Their trick is to exploit the dual. The dual of \(\mathrm{RM}(m-2, m)\) is \(\mathrm{RM}(1, m)\), which has only \(2^{m+1}\) codewords. They show that maximum-a-posteriori decoding of the high-rate code can be expressed as a correlation against the dual codewords, modulated by the channel evidence. That correlation is, once again, a Walsh-Hadamard transform.

So the soft-decision MAP decoder for \(\mathrm{RM}(m-2, m)\) runs in \(O(m\, 2^m)\). That is the same complexity as decoding its tiny dual. For \(\mathrm{RM}(m-1, m)\) the situation is even simpler. The dual is the repetition code, and one transform collapses to a single sign decision.

The general moral is this. When a code or its dual is small, decoding can hide inside an FHT. RPA generalises that intuition recursively for the codes in between.

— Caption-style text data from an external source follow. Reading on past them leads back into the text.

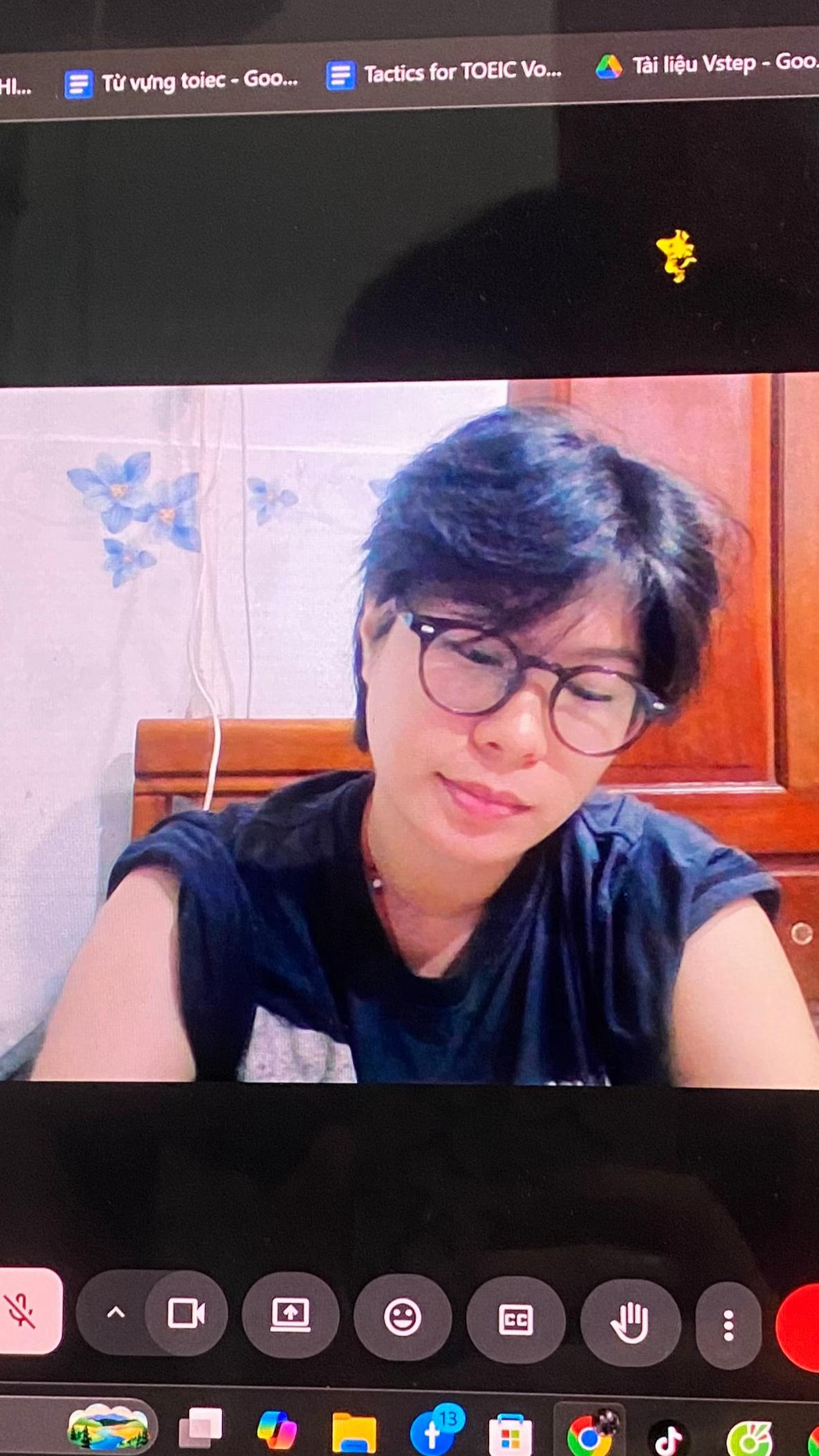 @tổng tài bá đạo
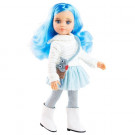Paola Reina Las Amigas bábika Kiara 2025, 32cm Funky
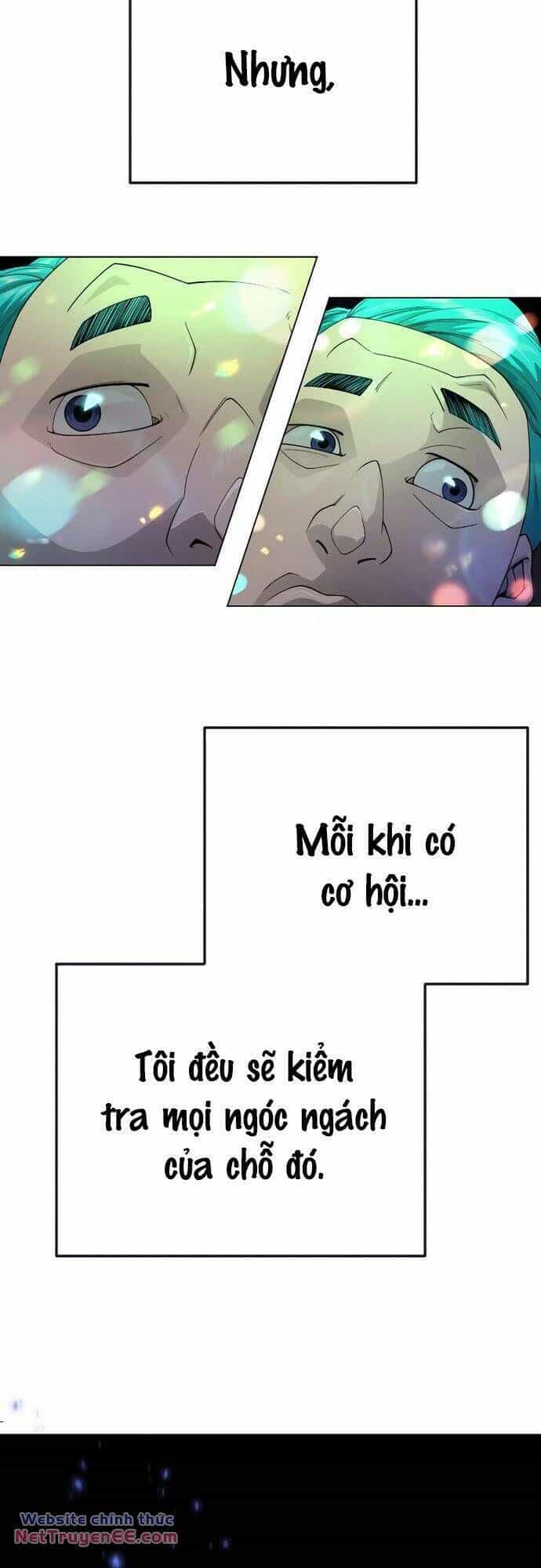 Kỷ Nguyên Siêu Anh Hùng - Chương 169 - ảnh 28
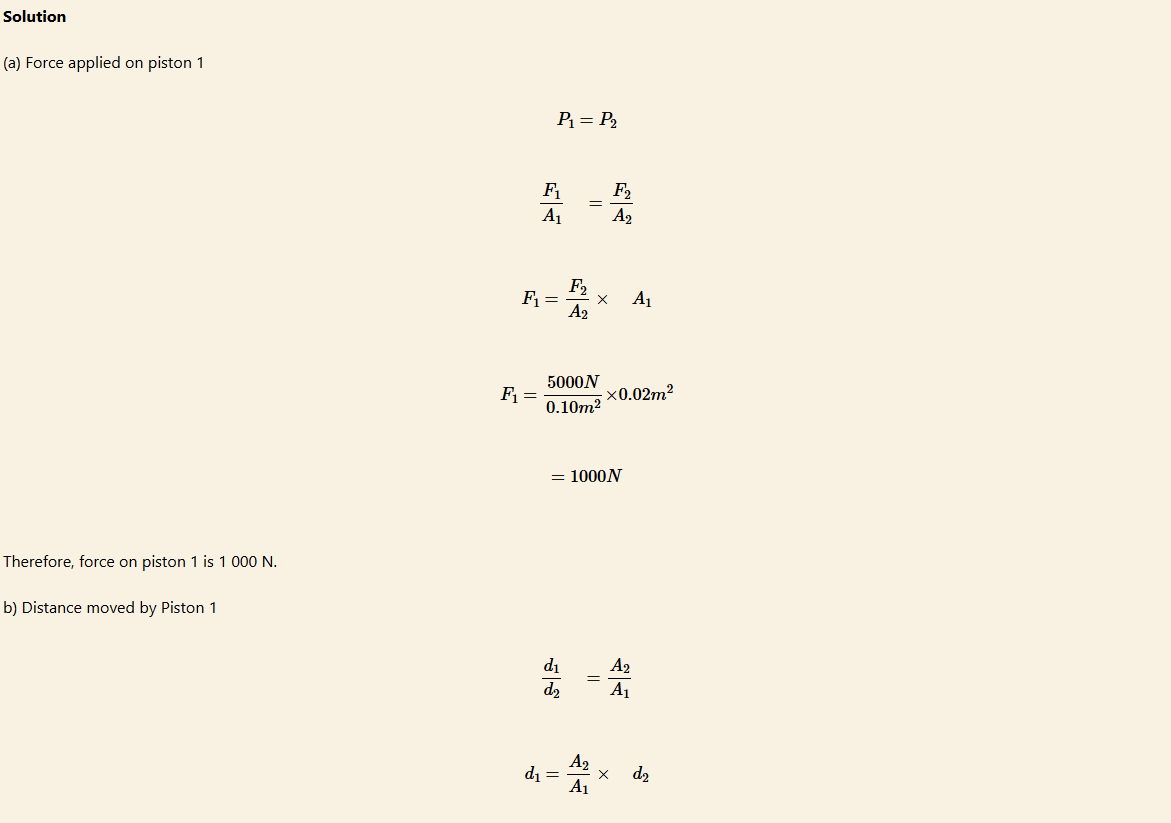 Screenshot 2025 11 07 182723 1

Ashikhmin’s decoder closes the loop at the high-rate end.

References

Emmanuel Abbe, Amir Shpilka, Min Ye, “Reed-Muller Codes: Theory and Algorithms” (2020)
Min Ye, Emmanuel Abbe, “Recursive Projection-Aggregation Decoding of Reed-Muller Codes” (2020)
Alexei Ashikhmin, Simon Litsyn, “Simple MAP Decoding of First and Second Order Reed-Muller Codes” (2004)
F. J. MacWilliams, N. J. A. Sloane, The Theory of Error-Correcting Codes, North-Holland (1977).